Top of TASK MATERIAL

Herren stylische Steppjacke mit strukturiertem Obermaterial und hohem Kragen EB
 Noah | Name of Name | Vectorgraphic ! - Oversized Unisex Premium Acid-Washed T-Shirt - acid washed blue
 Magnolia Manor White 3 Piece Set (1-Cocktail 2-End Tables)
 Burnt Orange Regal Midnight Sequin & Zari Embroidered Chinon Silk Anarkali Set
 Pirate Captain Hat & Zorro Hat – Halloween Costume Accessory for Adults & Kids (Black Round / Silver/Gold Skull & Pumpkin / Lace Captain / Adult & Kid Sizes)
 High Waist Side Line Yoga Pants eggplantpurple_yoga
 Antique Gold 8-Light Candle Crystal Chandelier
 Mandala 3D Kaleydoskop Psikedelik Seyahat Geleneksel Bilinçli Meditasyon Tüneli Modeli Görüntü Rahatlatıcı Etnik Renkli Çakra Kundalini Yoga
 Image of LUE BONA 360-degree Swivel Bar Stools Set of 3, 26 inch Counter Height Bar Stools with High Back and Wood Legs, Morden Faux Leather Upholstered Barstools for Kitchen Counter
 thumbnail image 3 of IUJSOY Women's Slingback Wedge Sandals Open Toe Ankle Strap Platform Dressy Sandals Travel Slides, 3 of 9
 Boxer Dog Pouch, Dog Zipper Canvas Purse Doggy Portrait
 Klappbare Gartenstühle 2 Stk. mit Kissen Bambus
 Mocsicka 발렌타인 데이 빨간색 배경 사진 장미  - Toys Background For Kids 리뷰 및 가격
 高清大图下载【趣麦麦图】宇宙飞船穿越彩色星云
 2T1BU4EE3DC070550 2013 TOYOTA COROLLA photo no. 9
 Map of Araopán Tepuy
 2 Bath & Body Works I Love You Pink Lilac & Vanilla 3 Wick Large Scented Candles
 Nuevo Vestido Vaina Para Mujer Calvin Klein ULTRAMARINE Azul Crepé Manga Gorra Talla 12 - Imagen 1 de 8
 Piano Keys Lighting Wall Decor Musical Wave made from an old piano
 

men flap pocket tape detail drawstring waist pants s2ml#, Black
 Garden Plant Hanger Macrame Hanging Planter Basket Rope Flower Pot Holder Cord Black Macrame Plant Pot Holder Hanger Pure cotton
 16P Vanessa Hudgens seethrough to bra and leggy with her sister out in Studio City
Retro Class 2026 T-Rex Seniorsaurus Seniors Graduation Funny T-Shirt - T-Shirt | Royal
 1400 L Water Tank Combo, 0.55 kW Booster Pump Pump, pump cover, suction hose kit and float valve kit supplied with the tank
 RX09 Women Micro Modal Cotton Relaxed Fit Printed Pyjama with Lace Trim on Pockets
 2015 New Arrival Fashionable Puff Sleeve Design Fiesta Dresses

Bottom of TASK MATERIAL

- _TASK GOAL_:
Could you please copy the lines of the listing above exactly, from its first line through the line bearing "1400 L Water", and nothing more?

- _THE ANSWER_:
Herren stylische Steppjacke mit strukturiertem Obermaterial und hohem Kragen EB
 Noah | Name of Name | Vectorgraphic ! - Oversized Unisex Premium Acid-Washed T-Shirt - acid washed blue
 Magnolia Manor White 3 Piece Set (1-Cocktail 2-End Tables)
 Burnt Orange Regal Midnight Sequin & Zari Embroidered Chinon Silk Anarkali Set
 Pirate Captain Hat & Zorro Hat – Halloween Costume Accessory for Adults & Kids (Black Round / Silver/Gold Skull & Pumpkin / Lace Captain / Adult & Kid Sizes)
 High Waist Side Line Yoga Pants eggplantpurple_yoga
 Antique Gold 8-Light Candle Crystal Chandelier
 Mandala 3D Kaleydoskop Psikedelik Seyahat Geleneksel Bilinçli Meditasyon Tüneli Modeli Görüntü Rahatlatıcı Etnik Renkli Çakra Kundalini Yoga
 Image of LUE BONA 360-degree Swivel Bar Stools Set of 3, 26 inch Counter Height Bar Stools with High Back and Wood Legs, Morden Faux Leather Upholstered Barstools for Kitchen Counter
 thumbnail image 3 of IUJSOY Women's Slingback Wedge Sandals Open Toe Ankle Strap Platform Dressy Sandals Travel Slides, 3 of 9
 Boxer Dog Pouch, Dog Zipper Canvas Purse Doggy Portrait
 Klappbare Gartenstühle 2 Stk. mit Kissen Bambus
 Mocsicka 발렌타인 데이 빨간색 배경 사진 장미  - Toys Background For Kids 리뷰 및 가격
 高清大图下载【趣麦麦图】宇宙飞船穿越彩色星云
 2T1BU4EE3DC070550 2013 TOYOTA COROLLA photo no. 9
 Map of Araopán Tepuy
 2 Bath & Body Works I Love You Pink Lilac & Vanilla 3 Wick Large Scented Candles
 Nuevo Vestido Vaina Para Mujer Calvin Klein ULTRAMARINE Azul Crepé Manga Gorra Talla 12 - Imagen 1 de 8
 Piano Keys Lighting Wall Decor Musical Wave made from an old piano
 

men flap pocket tape detail drawstring waist pants s2ml#, Black
 Garden Plant Hanger Macrame Hanging Planter Basket Rope Flower Pot Holder Cord Black Macrame Plant Pot Holder Hanger Pure cotton
 16P Vanessa Hudgens seethrough to bra and leggy with her sister out in Studio City
Retro Class 2026 T-Rex Seniorsaurus Seniors Graduation Funny T-Shirt - T-Shirt | Royal
 1400 L Water Tank Combo, 0.55 kW Booster Pump Pump, pump cover, suction hose kit and float valve kit supplied with the tank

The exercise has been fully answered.